▶ **WHAT THE TASK ASKS**
Could you return each line of the material that has "Adjustable" in it?

▶ **ENTRIES SUPPLIED**

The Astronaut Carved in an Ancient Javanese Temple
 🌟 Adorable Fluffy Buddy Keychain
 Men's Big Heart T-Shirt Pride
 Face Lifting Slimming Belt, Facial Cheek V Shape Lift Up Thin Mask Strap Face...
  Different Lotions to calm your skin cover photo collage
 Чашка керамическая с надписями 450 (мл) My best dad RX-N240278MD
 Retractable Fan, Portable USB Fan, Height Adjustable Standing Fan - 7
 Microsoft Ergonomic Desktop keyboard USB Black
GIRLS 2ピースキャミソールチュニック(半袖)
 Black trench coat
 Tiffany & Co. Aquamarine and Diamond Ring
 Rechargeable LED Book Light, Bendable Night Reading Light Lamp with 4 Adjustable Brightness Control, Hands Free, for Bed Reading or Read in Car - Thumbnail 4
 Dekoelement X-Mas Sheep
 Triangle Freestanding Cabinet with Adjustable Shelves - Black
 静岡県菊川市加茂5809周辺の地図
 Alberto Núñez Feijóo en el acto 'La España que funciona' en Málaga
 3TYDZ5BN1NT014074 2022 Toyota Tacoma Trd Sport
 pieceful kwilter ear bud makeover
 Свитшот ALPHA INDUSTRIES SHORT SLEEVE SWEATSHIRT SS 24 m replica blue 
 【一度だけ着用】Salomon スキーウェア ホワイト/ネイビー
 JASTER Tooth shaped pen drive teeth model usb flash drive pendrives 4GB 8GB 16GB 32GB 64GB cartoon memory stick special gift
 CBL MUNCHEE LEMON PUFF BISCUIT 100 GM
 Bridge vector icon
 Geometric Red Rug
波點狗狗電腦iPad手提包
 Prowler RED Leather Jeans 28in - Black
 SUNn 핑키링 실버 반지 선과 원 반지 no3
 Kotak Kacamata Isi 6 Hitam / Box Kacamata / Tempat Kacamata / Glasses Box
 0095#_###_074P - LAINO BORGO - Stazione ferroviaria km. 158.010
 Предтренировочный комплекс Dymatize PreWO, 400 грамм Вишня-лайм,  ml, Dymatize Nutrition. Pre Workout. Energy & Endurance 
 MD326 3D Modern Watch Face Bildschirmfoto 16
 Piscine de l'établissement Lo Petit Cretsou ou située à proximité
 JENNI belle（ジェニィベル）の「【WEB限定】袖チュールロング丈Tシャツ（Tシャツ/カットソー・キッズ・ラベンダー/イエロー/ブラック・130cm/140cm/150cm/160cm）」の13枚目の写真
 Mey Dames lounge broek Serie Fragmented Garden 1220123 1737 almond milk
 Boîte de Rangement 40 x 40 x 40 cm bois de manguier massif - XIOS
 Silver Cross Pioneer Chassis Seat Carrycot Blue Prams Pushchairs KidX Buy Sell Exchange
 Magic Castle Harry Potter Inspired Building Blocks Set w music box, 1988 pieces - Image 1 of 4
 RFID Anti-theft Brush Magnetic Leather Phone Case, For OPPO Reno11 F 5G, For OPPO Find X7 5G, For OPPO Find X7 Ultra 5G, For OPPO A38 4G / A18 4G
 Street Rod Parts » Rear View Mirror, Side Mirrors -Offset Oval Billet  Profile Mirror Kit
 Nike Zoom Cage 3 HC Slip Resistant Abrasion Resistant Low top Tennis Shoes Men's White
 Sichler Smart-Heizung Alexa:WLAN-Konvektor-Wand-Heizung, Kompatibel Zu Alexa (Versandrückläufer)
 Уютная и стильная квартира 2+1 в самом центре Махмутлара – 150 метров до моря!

▶ **RESPONSE BELOW**
 Retractable Fan, Portable USB Fan, Height Adjustable Standing Fan - 7
 Rechargeable LED Book Light, Bendable Night Reading Light Lamp with 4 Adjustable Brightness Control, Hands Free, for Bed Reading or Read in Car - Thumbnail 4
 Triangle Freestanding Cabinet with Adjustable Shelves - Black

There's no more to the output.